Ancak iş kanununun annelere sağladığı ücretsiz altı aylık iznin, şirketlerde pratikte uygulanması mümkün olmadığından, anneler tavsiye edilen altı aylık emzirme süresi tamamlanmadan işe geri dönmek zorunda kalıyorlar.
İş kanununa kısaca bir göz atacak olursak; kadın çalışanların doğumdan önce sekiz ve doğumdan sonra sekiz hafta olmak üzere toplam on altı haftalık süre için çalıştırılmamaları esastır. Çoğul gebelikte bu süreye iki hafta eklenir. Sağlık durumu uygun olan kadın çalışan, doktor onayıyla isterse doğumdan önceki üç haftaya kadar çalışabilir. Bu durumda, çalıştığı süre doğum sonrasına eklenir. Bu süreler doktor raporuyla işçinin sağlık durumuna ve işin özelliğine göre doğumdan önce ve sonra gerekirse artırılabilir. Bu halde çalışanın ücretinde bir indirim yapılmaz.

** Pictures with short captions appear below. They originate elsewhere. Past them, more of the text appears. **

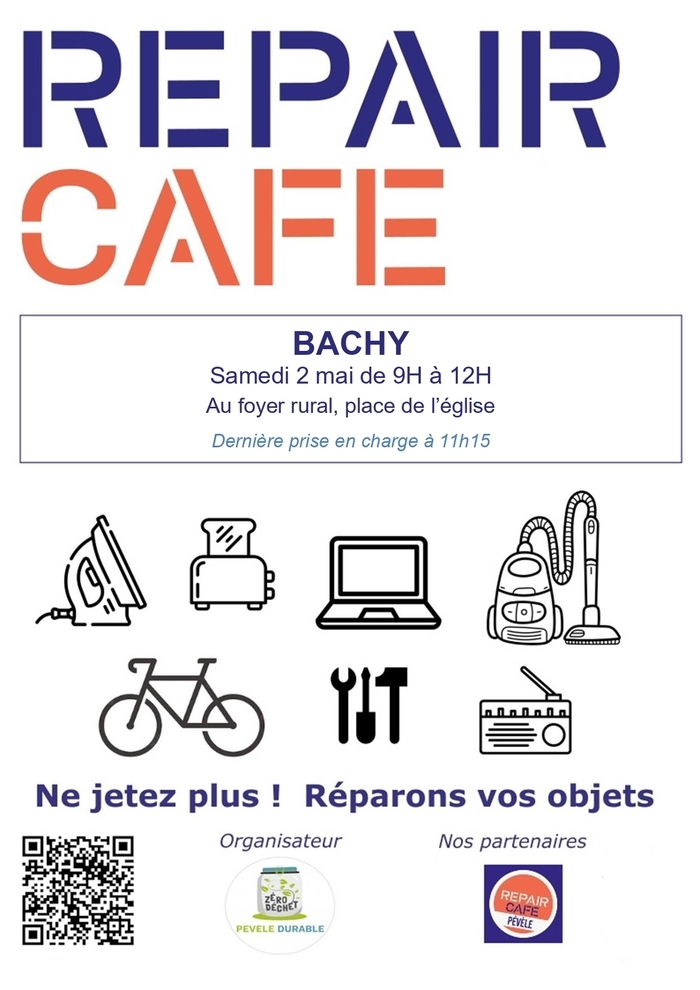 Repair café à Bachy Foyer Rural Bachy Bachy
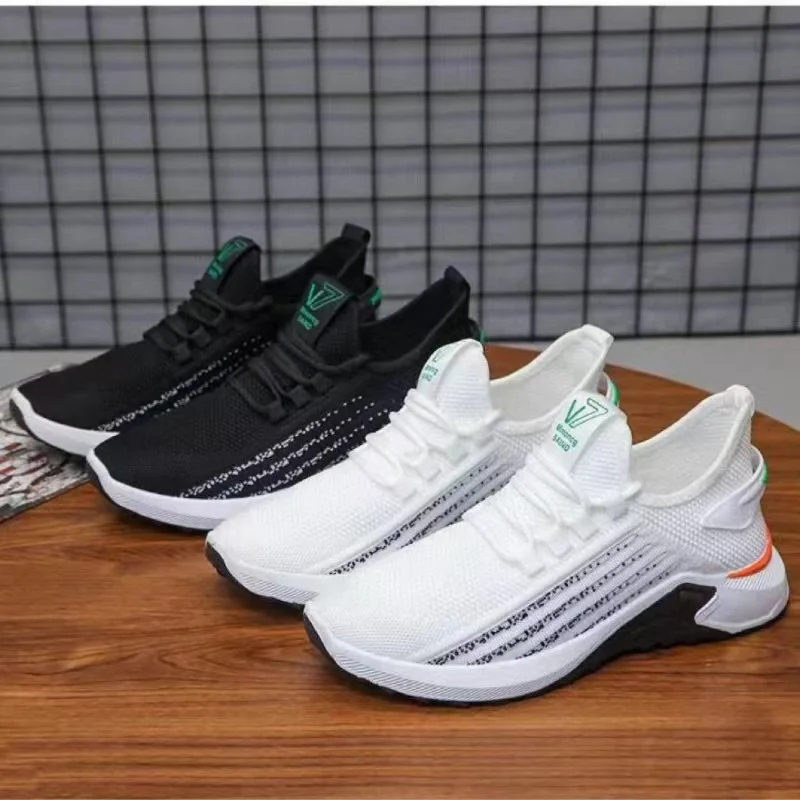 Кроссовки мужские без шнуровки Повседневная дышащая спортивная Удобная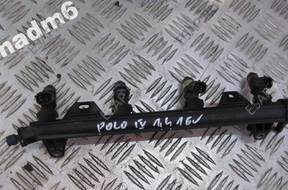 Форсунка VW POLO IV 03 1.4 16V ТОПЛИВНАЯ РАМПА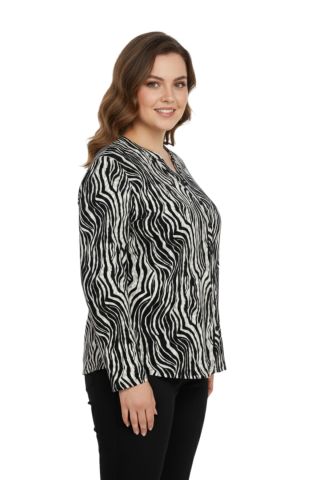 Kadın Düğmeli Modelli Bluz BGL-ST05118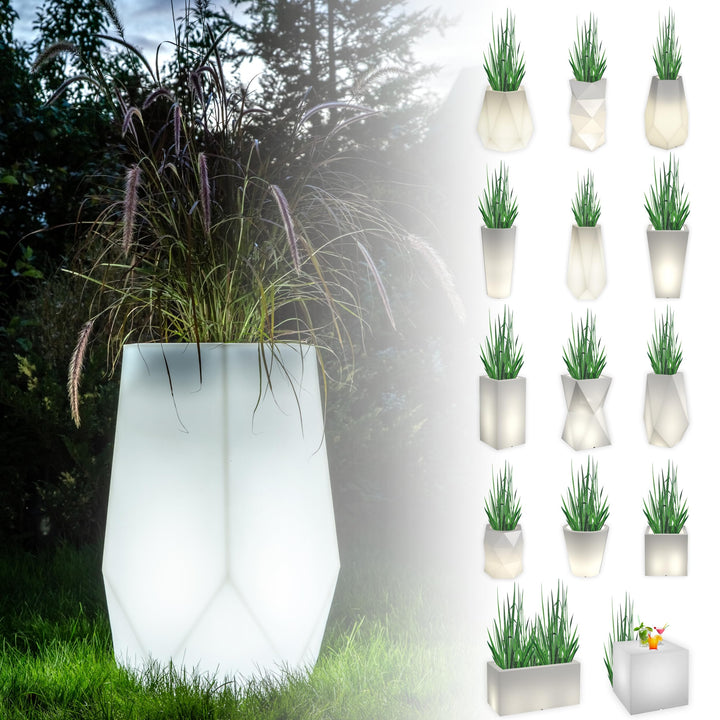 Monumo®️ Leuchtender Blumentopf Gross 71 cm x 46 cm x 46 cm | geeignet für Haus, Büro, Garten, Patio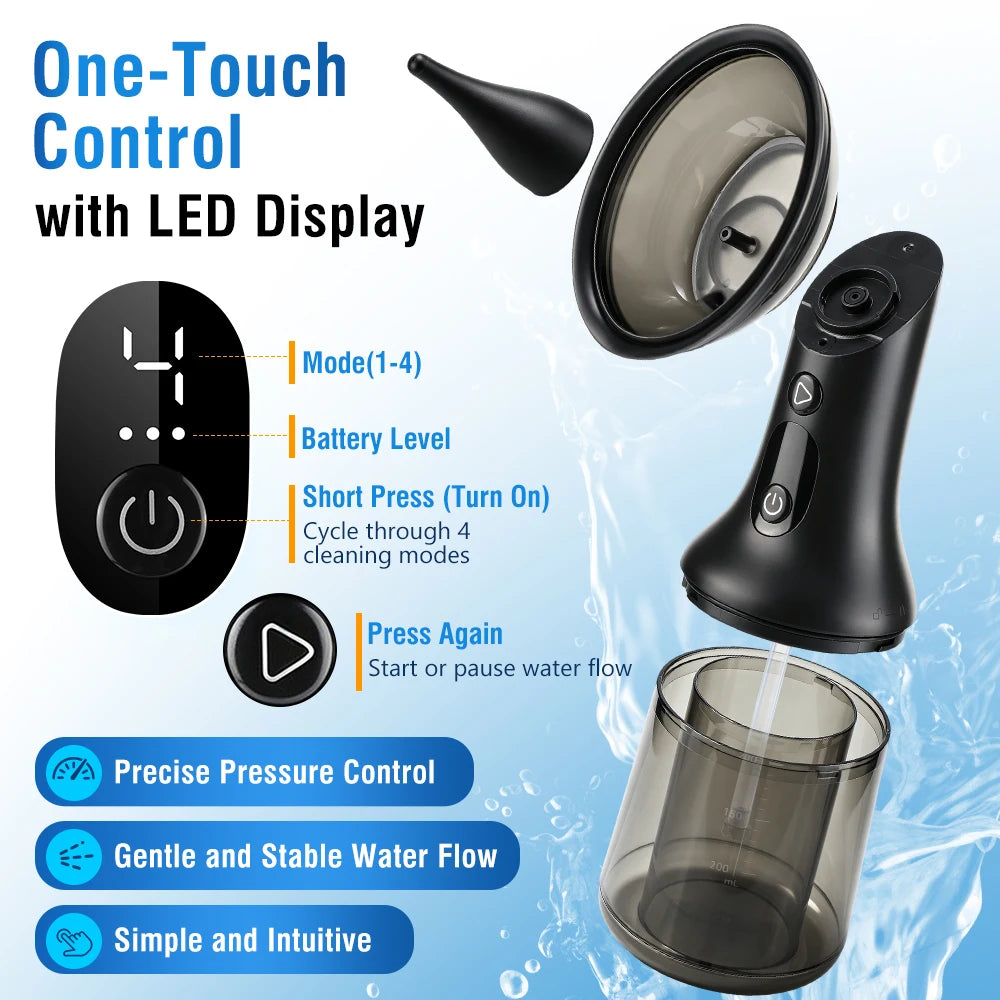 Electric Ear Wax Removal Tool with Dual Water Tank System - 6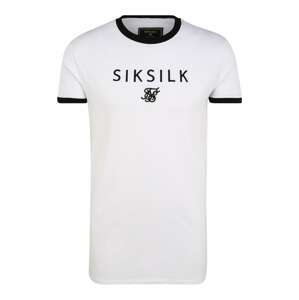 SikSilk Shirt  bílá / černá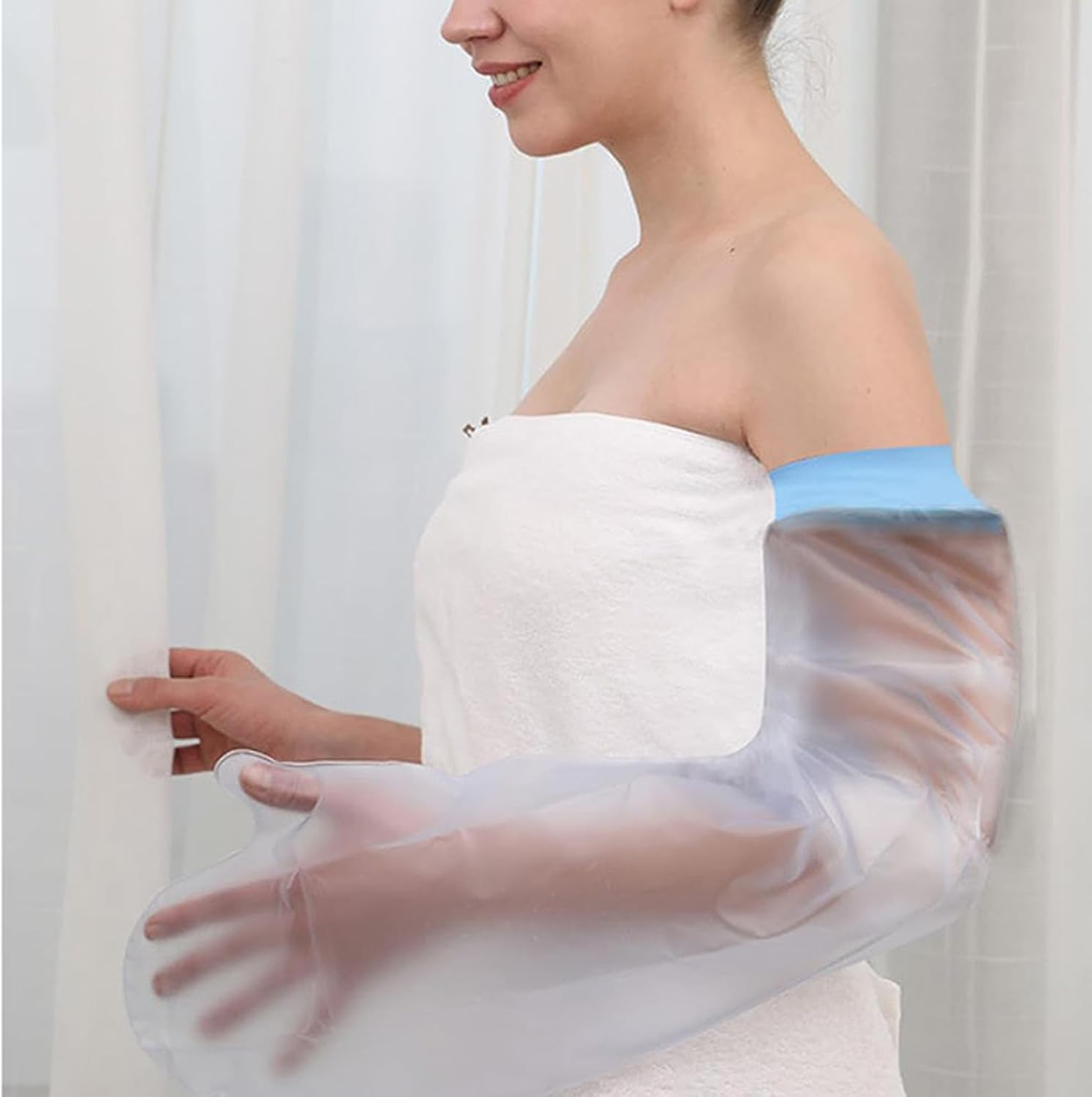 Waterproof Arm Cast Cover for Shower, Soft Comfortable Cast Shower Cover Cast Covers for Shower Leg after Surgery Cast Bag for Shower Reusable Adult Cast Protector image number 5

İstek halinde on altı hafta bittikten sonra altı aya kadar ücretsiz izin verilir. Bu, yıllık ücretli izinden düşülmez. Ayrıca bir yaşından küçük çocukları emzirmek için kadınlara günde toplam bir buçuk saat süt izni verilir. Bu sürenin hangi saatler arasında ve kaça bölünerek kullanılacağına çalışan kendisi belirler. (iş kanunu 4857/ madde 74’)
Teoride en fazla toplam izin süresi on ay olarak verilmekle birlikte, çalışan annelerden gelen yorumlara göre bu pratikte uygulanamamakta. Bu durum, Türkiye’de geçici istihdam kültürünün olmaması ve bazı durumlarda annelik izni alacak kişinin yerinin yeterli nitelikte personel ile telafi edilememesinden kaynaklanıyor. Buna ek olarak anne adayları da kanuni haklarını yeterince bilmiyorlar.
Dolayısıyla çoğu anne pratikte en fazla dört ay ücretli doğum izni yapabiliyorlar. İzin süresi dolan ve yukarıdaki adı geçen sebeplerle bebeğini erken bırakmak zorunda kalan annelerin hayatında sıkıntılı yeni bir dönem başlıyor;
• İşyerleri çoğunlukla, anneanne, babaanne veya bakıcı gibi imkânları olmayan annelere için işe dönebilmelerine yardımcı olacak çocuk bakım yardımı veya kreş gibi imkânlar sağlayamıyor. Bu, şirketlerin boyutu ve durumuna göre iş kanunun öngördüğü konularda pratikte uygulama kısıtı olmasından kaynaklanabilmektedir.
• Altı aydan önce işe dönmek zorunda kalan anneler, çalıştıkları yerlerde süt sağmak ve sağdıkları sütleri uygun bir ortamda saklayabilmek için mekân bulamıyorlar.
• Buna ek olarak mobbing, negatif ayrımcılık, geç mesai ve gece vardiyaları gibi istenmeyen durumlar oluşabiliyor.
Elbette durumları itibariyle bu gibi imkânları sağlayan ve anneleri mağdur etmeyen şirketler de bulunmaktadır.
KADINLARIN İŞGÜCÜNE KATILIMLARI KISITLI
Bunun dışında, durumlarından dolayı hem eğitime hem de iş gücüne erişimi kısıtlı olan grup içerisinde hanımlar da bulunmakta. Üstelik bu oran Avrupa Birliği ile karşılaştırıldığında oldukça yüksek.
Kısıtlı olan kadın istihdamını artırmaya yönelik olarak teşvik edici uygulamalar hayat geçirilmeli.